A Personal View expressed by Geoffrey D. Askew AM
Industry NewsThe Final Word

A Personal View expressed by Geoffrey D. Askew AM

Aviation security in India needs re-engineering!

The air transport industry is acknowledged by economists, politicians and the global business community as an essential element for global, regional and country economic development.

The civil aviation industry in India has, in recent years, become one of the fastest growing industries in the country. According to IATA, India will displace the UK as the third largest aviation market in the world by 2026.

In 2016 the Indian Government published the National Civil Aviation Policy (NCAP 2016), which “proposed to take flying to the masses by making it affordable and convenient.”

Based on the Worldmeters elaboration of the latest United Nations data, India will have a population by mid-2020 of 1.38 billion people or 17.7% of the world population. With an annual population growth of 1.11% it is expected to surpass China by 2024 as the most populous country in the world.

Whilst there are numerous publications tracking and analysing the economic growth of India, what is unquestionable is the significant growth of the middle class, with some reports suggesting that it will represent more than 40% of the Indian population in the near future.

Despite the capacity constraints caused by the grounding of India’s largest commercial passenger airline Jet Airways in April 2019, Arum Kumar, Director General of the Indian Directorate General of Civil Aviation, has estimated a growth in the domestic market for 2019 of between 4-5%. The Asian Development Bank expects the Indian economy to expand by more than 7% this year.

The welcome growth of the middle class and the Indian economy, along with the expansion of operations by low cost carries (LCCs) in India, will create significant challenges for the growing aviation industry, including airport infrastructure and aviation security.

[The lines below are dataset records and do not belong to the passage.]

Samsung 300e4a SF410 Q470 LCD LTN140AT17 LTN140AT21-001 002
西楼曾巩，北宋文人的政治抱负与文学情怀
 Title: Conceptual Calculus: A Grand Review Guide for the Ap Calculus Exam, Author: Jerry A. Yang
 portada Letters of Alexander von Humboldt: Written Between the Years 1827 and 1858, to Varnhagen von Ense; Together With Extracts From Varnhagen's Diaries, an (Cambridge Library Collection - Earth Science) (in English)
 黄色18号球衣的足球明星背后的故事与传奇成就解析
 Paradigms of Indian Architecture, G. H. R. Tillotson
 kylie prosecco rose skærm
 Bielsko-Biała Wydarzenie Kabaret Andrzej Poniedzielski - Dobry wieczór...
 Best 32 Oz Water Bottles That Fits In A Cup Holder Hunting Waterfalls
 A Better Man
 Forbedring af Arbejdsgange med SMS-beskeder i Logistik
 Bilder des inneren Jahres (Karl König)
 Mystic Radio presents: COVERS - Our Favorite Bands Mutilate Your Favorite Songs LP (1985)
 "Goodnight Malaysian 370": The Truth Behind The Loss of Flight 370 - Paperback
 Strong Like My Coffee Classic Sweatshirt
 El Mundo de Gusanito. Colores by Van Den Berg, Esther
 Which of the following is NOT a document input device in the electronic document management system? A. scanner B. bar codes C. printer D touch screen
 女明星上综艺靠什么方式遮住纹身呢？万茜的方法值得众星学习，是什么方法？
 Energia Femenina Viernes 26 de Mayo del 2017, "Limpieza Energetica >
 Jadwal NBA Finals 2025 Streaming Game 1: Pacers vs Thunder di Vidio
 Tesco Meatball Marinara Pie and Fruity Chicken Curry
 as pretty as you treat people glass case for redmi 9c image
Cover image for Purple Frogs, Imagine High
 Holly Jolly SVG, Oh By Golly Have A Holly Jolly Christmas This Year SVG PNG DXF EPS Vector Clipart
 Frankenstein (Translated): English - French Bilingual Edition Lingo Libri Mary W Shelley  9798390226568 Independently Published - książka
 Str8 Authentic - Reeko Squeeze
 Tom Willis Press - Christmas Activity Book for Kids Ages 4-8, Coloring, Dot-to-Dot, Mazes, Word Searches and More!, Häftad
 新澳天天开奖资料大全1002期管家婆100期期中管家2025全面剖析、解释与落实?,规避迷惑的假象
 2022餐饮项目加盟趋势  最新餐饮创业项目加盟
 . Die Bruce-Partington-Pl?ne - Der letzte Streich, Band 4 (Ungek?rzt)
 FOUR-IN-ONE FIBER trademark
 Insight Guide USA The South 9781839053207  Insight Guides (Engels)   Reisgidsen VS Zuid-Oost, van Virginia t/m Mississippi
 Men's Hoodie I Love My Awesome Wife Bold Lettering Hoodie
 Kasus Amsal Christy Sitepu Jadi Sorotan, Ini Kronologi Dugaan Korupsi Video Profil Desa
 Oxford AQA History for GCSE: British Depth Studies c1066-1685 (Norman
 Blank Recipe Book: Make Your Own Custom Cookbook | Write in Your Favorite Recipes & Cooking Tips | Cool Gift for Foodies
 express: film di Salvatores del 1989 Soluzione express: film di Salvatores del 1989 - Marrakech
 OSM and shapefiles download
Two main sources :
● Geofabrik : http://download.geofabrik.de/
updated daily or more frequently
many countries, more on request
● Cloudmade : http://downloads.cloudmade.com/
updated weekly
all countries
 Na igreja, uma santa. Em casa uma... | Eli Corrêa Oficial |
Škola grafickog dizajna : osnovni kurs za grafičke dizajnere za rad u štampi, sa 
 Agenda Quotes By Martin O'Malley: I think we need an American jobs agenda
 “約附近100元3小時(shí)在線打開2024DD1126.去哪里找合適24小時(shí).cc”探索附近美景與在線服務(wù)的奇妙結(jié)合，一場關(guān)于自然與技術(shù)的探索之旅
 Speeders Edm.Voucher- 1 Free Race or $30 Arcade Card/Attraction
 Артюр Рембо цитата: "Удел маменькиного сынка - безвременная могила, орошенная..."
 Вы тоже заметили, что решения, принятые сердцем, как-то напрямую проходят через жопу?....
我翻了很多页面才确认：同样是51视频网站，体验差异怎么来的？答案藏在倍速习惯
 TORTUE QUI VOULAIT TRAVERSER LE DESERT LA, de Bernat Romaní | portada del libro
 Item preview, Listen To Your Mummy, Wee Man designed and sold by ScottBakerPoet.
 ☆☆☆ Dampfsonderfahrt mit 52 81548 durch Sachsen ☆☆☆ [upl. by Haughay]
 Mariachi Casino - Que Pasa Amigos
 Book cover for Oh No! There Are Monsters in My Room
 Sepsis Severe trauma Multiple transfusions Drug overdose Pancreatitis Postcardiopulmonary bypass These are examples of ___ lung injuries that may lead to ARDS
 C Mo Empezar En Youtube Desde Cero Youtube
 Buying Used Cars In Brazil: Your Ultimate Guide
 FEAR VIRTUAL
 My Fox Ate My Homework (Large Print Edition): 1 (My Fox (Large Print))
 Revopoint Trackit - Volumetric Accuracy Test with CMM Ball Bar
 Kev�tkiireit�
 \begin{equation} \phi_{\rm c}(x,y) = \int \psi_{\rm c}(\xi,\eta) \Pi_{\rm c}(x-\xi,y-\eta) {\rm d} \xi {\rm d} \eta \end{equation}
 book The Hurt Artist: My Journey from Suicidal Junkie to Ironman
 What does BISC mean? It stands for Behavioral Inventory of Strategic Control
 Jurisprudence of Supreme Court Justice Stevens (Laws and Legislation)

New airports are under construction and many current ones are undergoing significant expansion and upgrades. The Indian Civil Aviation Ministry’s Vision 2020 plan stresses a need to develop the country’s infrastructure, with a particular focus on well-equipped, user-friendly airports to handle as many as 280 million passengers per year by 2020.

Vision 2040 also highlights the growth of the Indian civil aviation industry. India, it says, will require 200 airports to handle a minimum of 1.1 billion passengers flying to, from and within the country by 2040.

Airports, including Delhi, Mumbai, Bangalore, Hyderabad and Cochin have been operating as leased airports under a public-private partnership (PPP) model for some time. Last year, another six airports were leased out for operations, management and development under the PPP model.

There is no doubt the threat to the aviation industry in India is real and the general security environment presents ongoing concerns and challenges for the government.

Since 2000, security at most Indian airports has been provided by the Central Industry Security Force (CISF), a large armed paramilitary organisation with a reported current airport deployment number of around 29,000. State police provide security services at the small number of other commercial airports.

The deployment of the CISF is, according to their own management, anti-hijacking focused. Core functions include the verification of travel documents against identity documents at the entrance to terminals, armed patrols inside and outside of the terminals, access control duties at airside pedestrian and vehicles access points, CCTV system monitoring and screening duties at the checkpoint. Interestingly, the screening of checked bags is undertaken by terminal or airline security staff.

At the checkpoint, passengers walk through an archway (walk-through) metal detector; however, regardless of whether or not the unit alarms, females will be escorted to a private enclosure for a pat-down search, and males are subjected to screening by a handheld metal detector. This is inefficient and the effectiveness is questionable.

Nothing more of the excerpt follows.